No suele ser frecuente que uno de los libros más importantes, influyentes y conocidos de un escritor sea un conjunto de relatos. Desde el siglo XIX la novela se ha ido imponiendo como el formato estándar de las grandes obras de la literatura, y el relato (que de todas formas continúa siendo un formato de poderosa salud en el mundo anglosajón) ha ido perdiendo protagonismo lentamente.

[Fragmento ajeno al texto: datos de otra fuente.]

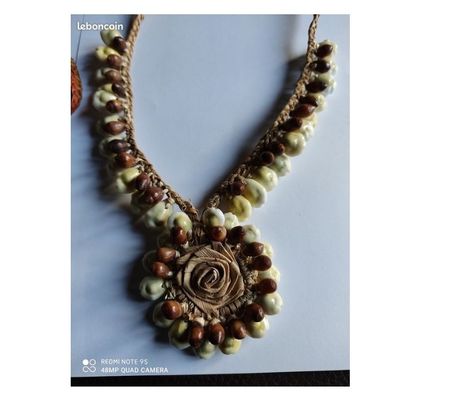 Bijoux occasion Vendée Soullans - 85300 - Photos Vivastreet Collier comme neuf 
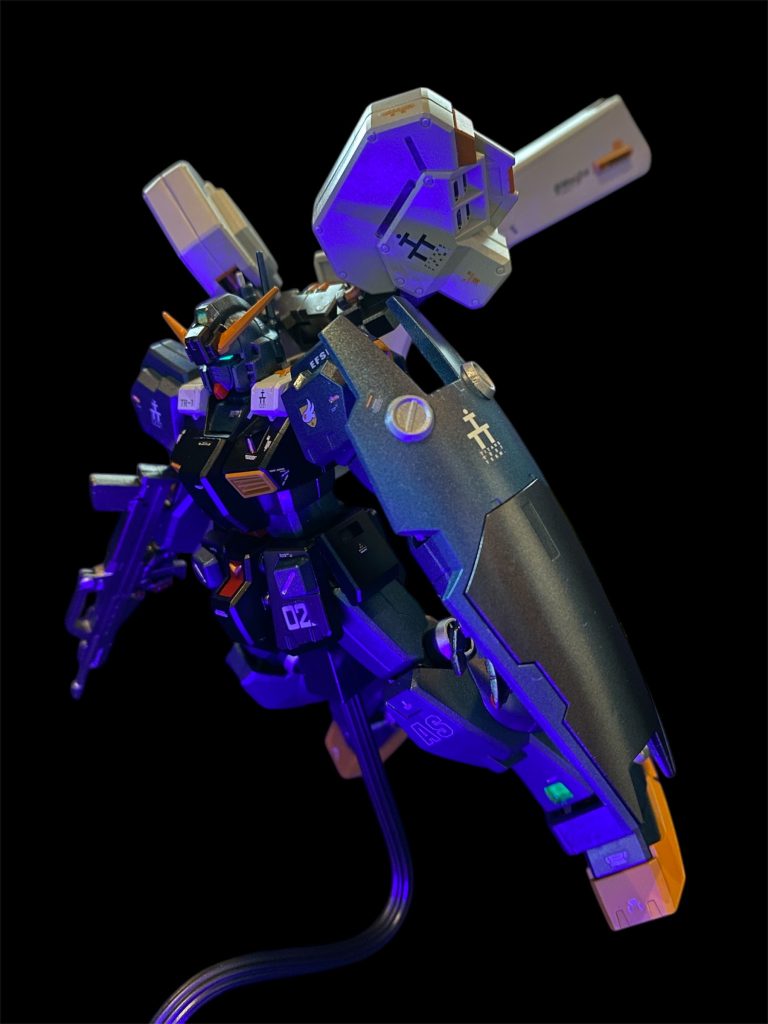 トライブースターにomechaとパーソナルマークのデカールも無事貼れた👍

Pero eso es lo que ocurre con Yo, robot, un volumen publicado por primera vez en 1950 que recogía diversos cuentos escritos por Isaac Asimov, uno de los padres de la ciencia-ficción moderna. Asimov, científico de profesión y autor de novelas como Bóvedas de acero, Robots e imperio o El sol desnudo, en las que los robots siguen siendo piezas claves de su tablero narrativo, logró con su colección de relatos establecer unos sólidos parámetros en los cuales enmarcar las relaciones entre robots y seres humanos: las tres leyes de la robótica:
1. Un robot no puede hacer daño a un ser humano o, por su inacción, permitir que un ser humano sufra daño.
2. Un robot debe obedecer las órdenes dadas por los seres humanos, excepto si estas órdenes entran en conflicto con la Primera Ley.
3. Un robot debe proteger su propia existencia en la medida en que esta protección no entre en conflicto con la Primera o la Segunda Ley.
2. Un robot debe obedecer las órdenes dadas por los seres humanos, excepto si estas órdenes entran en conflicto con la Primera Ley.
3. Un robot debe proteger su propia existencia en la medida en que esta protección no entre en conflicto con la Primera o la Segunda Ley.
Con estos mimbres, más el protagonismo de la robopsicóloga Susan Calvin, uno de los grandes personajes de Asimov, el “doctor” (como era conocido en aquellos años) aborda no sólo esas relaciones, siempre tirantes, entre humanos y seres de metal, sino también la personalidad de los seres mecánicos, su psicología y, porqué no, su alma.
Yo, robot incluye narraciones entrañables (Robbie), apuntes sobre la conciencia y la inteligencia mecánicas (Razón), o hasta la disyuntiva última: la imposible diferenciación entre robot y ser humano (La prueba). En todos ellos, Asimov muestra una peculiar empatía con sus creaciones de metal, un cariño y una comprensión que a veces, incluso de torna en admiración. Los robots no defraudan a nadie, nunca traicionan, son siempre fieles, leales, lógicos… seres de una pieza.